La maison d’Annemasse devenue couvent a connu une fluctuation dans l’effectif des frères qui lui furent assignés. Certains n’ont fait qu’y passer quelques mois, d’autres quelques années. Nous mentionnons aussi leurs noms dans cette chronique : les frères Raphaël Oechslin, Thomas Allaz, Humbert Conus, Augustin Cattin, Colomban Frund, Vincent PythonMannès Chatelain, Jean Turini, Etienne Dousse, Aelred MacCarty, Mannès Louis, Luc Dumas, Dominique Long-Tiên et Augustin Fresson.

Quatre frères cependant ont vécu toute la décennie annemassienne de 1951 à 1961. Ces quatre frères ont laissé des traces profondes dans le paysage franco-genevois et, pour l’un ou l’autre, bien au-delà.

Les quatre pionniers

Le frère Jean de la Croix Kaelin fut certainement l’artisan de l’installation des dominicains à la rue Malbrande d’Annemasse. Il en fut d’abord le supérieur, pus le premier prieur de 1953 à 1956. Remplacé à cette charge par le frère Jean Turini (1956-1959), puis par le frère Marie-Martin Cottier dont il deviendra le sous-prieur après le transfert du couvent d’Annemasse au Centre St-Thomas de Genève. Le frère Kaelin fut aussi la cheville ouvrière de ce déplacement et inspira le choix de la paroisse St-Paul.

Ce fut au cours de son séjour à Annemasse que le frère Jean-de-la-Croix assuma avec brio la charge d’aumônier universitaire à Genève dont le Centre d’activités se situait alors à la Rue de Candolle.

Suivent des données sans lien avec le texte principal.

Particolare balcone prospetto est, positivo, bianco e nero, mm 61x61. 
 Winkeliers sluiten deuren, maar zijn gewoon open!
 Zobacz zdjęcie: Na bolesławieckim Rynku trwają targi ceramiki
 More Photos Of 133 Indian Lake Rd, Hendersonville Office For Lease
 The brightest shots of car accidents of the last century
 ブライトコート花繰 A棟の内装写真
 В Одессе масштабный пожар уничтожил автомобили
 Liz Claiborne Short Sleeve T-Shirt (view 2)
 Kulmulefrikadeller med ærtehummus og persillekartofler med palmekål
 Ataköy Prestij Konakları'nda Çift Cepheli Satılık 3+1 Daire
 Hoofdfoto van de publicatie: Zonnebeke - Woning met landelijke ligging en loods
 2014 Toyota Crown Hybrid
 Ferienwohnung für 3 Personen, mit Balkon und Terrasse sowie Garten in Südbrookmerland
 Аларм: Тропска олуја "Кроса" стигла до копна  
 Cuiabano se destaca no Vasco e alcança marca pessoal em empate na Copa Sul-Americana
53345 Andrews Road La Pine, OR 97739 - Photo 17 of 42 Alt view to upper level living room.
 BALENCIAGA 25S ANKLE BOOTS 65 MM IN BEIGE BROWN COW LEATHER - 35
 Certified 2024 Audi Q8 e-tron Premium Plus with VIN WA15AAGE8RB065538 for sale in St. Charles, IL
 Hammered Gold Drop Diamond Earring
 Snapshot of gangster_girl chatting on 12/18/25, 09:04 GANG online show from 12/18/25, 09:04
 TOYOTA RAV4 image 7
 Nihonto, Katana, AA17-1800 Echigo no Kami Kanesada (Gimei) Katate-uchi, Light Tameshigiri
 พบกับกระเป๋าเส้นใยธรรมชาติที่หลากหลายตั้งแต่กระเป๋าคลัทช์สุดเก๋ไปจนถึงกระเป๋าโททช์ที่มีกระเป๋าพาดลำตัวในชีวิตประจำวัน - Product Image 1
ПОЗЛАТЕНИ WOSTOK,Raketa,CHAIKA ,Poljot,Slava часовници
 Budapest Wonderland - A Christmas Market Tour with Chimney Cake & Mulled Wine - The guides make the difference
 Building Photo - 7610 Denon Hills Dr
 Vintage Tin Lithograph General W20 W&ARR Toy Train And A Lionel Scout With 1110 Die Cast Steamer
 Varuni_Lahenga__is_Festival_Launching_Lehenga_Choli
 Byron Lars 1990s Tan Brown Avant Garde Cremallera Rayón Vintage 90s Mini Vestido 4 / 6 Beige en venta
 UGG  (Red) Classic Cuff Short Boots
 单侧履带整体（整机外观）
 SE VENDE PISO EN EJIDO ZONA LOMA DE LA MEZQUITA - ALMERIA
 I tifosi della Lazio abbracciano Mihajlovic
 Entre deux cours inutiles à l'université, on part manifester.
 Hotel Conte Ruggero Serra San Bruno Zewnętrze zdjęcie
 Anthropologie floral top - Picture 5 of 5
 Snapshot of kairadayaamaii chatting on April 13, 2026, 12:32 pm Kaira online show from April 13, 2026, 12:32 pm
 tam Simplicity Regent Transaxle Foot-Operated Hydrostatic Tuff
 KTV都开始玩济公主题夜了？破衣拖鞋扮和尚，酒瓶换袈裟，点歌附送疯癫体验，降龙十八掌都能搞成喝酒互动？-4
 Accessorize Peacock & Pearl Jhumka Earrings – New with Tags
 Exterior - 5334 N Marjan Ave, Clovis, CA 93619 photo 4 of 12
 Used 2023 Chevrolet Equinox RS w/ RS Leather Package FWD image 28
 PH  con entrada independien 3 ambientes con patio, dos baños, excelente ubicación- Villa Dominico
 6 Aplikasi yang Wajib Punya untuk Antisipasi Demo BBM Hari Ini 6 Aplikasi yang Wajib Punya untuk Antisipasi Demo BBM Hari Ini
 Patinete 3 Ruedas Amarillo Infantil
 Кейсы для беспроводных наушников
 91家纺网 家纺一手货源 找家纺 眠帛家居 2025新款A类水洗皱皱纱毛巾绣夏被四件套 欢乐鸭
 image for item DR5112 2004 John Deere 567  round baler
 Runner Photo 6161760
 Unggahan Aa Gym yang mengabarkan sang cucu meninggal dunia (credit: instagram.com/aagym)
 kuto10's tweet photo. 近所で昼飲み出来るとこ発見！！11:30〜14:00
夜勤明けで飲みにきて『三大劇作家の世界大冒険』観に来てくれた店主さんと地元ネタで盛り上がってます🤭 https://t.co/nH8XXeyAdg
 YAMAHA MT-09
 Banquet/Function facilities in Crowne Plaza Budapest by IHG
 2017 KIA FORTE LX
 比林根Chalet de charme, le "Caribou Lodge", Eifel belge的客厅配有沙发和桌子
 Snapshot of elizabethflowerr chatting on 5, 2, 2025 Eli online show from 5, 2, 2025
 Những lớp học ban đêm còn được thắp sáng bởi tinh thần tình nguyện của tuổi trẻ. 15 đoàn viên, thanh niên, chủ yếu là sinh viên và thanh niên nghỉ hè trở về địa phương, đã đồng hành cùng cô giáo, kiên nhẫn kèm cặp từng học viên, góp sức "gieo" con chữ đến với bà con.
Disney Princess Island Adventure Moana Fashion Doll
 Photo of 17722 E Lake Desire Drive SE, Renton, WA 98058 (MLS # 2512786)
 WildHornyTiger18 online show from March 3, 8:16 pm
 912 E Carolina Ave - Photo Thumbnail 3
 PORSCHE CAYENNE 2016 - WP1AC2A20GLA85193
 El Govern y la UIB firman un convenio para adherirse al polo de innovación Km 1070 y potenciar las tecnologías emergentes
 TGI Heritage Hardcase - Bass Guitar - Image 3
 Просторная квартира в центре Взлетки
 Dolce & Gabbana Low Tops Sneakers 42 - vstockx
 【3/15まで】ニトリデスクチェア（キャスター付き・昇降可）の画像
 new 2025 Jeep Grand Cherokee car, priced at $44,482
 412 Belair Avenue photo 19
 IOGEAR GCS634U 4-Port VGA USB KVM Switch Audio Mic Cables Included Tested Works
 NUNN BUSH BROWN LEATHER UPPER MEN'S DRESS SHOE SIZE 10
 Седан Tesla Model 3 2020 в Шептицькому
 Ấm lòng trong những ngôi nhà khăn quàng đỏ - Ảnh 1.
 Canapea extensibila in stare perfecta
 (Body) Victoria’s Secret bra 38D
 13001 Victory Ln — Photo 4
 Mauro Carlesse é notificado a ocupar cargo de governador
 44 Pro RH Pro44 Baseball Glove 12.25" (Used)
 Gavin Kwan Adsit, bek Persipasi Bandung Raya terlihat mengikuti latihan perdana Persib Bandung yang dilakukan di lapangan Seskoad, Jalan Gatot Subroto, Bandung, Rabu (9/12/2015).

Il poursuivit des années durant cette pastorale avant de vernir au secours de la petite communauté de Lausanne.

Puis, il passa quelques années au couvent St-Hyacinthe de Fribourg avant d’être rappelé à Genève pour être vicaire à la paroisse St-Paul dont le frère Dominique Louis était alors le curé.

Il vécut ensuite une retraite heureuse et féconde comme aumônier des Sœurs dominicaines de Béthanie à Sankt-Niklausen en Obwald et passa ses toutes dernières années dans notre maison de Lucerne. C’est dans cette ville qu’il décéda le 17 mars 2016, à l’âge de 97 ans.

Il repose au cimetière des Sœurs dominicaines de Lucerne.

Le frère Paul Cattin fit aussi partie de la première caravane et l’accompagna lors de son déménagement vers Genève. Il ne devait plus quitter le Centre St-Thomas jusqu’à sa mort survenue le 24 mai de l’an 2000. Prédicateur estimé, il exerça aussi avec compétence la charge de syndic (économe) de son couvent et de la Province suisse.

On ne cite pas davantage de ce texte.